My Lords, I am grateful for the general welcome that has been given to the Statement this afternoon. I am sure that the noble Lords, Lord George-Brown and Lord Shinwell, will not expect me to comment in general terms on what they say, except that I did agree with one and I did not agree with the other. On the more technical matters of the Statement, I should like to pick up one or two points that the noble Lord, Lord Shepherd, asked me. I know that he is worried about the position of New Zealand, and of course consultations are going on with that country because of the special conditions appertaining there. I also entirely take his point about the sugar countries. It is very important in these negotiations to make absolutely certain that not only does their standard of living not become in any way impaired but that, as he said, the cash and the work flow equally together.

So far as Gibraltar is concerned, my understanding is that as Gibraltar is a free port it is by their own wish that they prefer to remain outside the Customs Union. The noble Lord raised the question of Nigeria, and without notice I can only say that I think his point is correct. I believe that this is an alternative offered to them; but if I find I am wrong, I will let the noble Lord know. May I assure the noble Lord, Lord Gladwyn, that we will do our best in the months to come to put over our case with the greatest possible vigour, and of course any help that he can give us will be gratefully received.


My Lords, I am most grateful to the noble Marquess for his assurance that full consultations are going on with the New Zealand authorities. Could he put my disquiet fully at rest by answering the question I put to him the other day and which I intimated through the usual channels I would put here: were there consultations with the New Zealand authorities prior to the announcement of the import levy scheme?


My Lords, I can answer that question for the noble Lord. The answer is that there were no prior consultations. Advance warning was given and consultations have been going on ever since.
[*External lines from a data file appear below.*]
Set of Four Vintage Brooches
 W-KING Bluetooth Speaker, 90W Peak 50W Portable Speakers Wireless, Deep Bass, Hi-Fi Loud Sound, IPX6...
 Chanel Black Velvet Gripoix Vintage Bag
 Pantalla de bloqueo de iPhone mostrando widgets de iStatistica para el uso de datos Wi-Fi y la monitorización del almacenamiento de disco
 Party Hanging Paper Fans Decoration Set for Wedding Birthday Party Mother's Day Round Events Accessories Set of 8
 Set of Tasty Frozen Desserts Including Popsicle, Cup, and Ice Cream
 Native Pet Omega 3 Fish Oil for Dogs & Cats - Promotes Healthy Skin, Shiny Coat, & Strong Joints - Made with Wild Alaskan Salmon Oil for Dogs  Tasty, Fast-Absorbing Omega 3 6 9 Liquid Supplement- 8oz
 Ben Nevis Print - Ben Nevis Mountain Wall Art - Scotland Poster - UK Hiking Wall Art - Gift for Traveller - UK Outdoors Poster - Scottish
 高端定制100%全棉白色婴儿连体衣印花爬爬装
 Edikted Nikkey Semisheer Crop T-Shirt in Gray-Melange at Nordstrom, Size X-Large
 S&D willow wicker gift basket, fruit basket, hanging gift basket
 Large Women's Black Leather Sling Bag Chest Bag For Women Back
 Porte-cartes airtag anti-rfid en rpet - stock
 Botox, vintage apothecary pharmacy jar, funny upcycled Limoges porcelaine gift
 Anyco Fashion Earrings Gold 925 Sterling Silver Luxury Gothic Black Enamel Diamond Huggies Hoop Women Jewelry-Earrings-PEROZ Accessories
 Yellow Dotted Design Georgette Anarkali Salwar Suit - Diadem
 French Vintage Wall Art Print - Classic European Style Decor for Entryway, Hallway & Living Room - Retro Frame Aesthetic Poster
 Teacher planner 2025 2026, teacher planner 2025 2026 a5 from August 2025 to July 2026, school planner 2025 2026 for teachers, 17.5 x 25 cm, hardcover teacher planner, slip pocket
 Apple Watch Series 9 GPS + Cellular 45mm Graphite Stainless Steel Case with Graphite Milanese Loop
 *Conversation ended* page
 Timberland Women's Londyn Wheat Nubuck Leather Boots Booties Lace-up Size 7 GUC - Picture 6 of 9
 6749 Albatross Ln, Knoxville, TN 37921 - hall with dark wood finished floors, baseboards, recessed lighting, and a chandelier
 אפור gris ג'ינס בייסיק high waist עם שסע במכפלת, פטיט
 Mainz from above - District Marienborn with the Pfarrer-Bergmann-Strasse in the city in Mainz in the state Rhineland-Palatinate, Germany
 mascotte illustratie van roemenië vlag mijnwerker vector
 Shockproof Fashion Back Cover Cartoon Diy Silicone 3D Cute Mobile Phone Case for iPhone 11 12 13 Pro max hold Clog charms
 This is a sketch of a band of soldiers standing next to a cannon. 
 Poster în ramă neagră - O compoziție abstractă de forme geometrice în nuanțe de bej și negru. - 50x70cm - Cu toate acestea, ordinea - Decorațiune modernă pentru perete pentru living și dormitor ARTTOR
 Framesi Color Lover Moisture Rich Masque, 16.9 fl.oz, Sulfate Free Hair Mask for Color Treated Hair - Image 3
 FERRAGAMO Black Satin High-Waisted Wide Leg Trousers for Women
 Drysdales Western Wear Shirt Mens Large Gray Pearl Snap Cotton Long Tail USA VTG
My Lords, in view of the failure of the noble Marquess to reply to any of my submissions, may I ask him whether the Chancellor of the Duchy has made any progress as regards the proposed political integration which I understand is one of the main objectives of a section only of the Conservative Party and which is only partly accepted by every member of Her Majesty's Government? Has any progress been made in that direction, and, if so, may we know about it? If the noble Marquess is not informed about the subject, can he give any indication when your Lordships' House will be informed?


My Lords, I certainly will undertake to keep the noble Lord informed on this matter. I cannot, I am afraid, give him any information to-day. I hope he will accept that.


My Lords, will the noble Marquess understand that the lights went out just at the right moment?


My Lords, while net sharing the starry-eyed attitude, the rather religious attitude in some ways, towards the Common Market of my noble friend Lord George-Brown and the noble Lord, Lord Gladwyn, may I ask the noble Marquess to stress, for those of us who do not share that attitude but still want to go in and negotiate and are with the Government and with the last Labour Government on this matter, that sugar is the test case in this issue? We do not want to beggar our Colonies, who produce sugar cheaply, while going into the Market.


My Lords, I can assure the noble Baroness that I will bear what she has said very deeply in mind.


My Lords, may I ask the noble Marquess whether he would not agree that if there is going to be any progress towards any kind of political federation, which seems to be so much dreaded by the noble Lord, Lord Shinwell, such progress can be made only with the full consent and approval of both Houses of Parliament of Great Britain?


My Lords, I quite agree.


My Lords, is the noble Marquess aware of what actually happened in another place on the occasion when a Division ensued on a debate? Is he aware of the vote by the so-called—I am not responsible; I have not invented the term—payroll section of the place; and would he forbear from taking too much notice of what the noble Lord, Lord Gladwyn, says?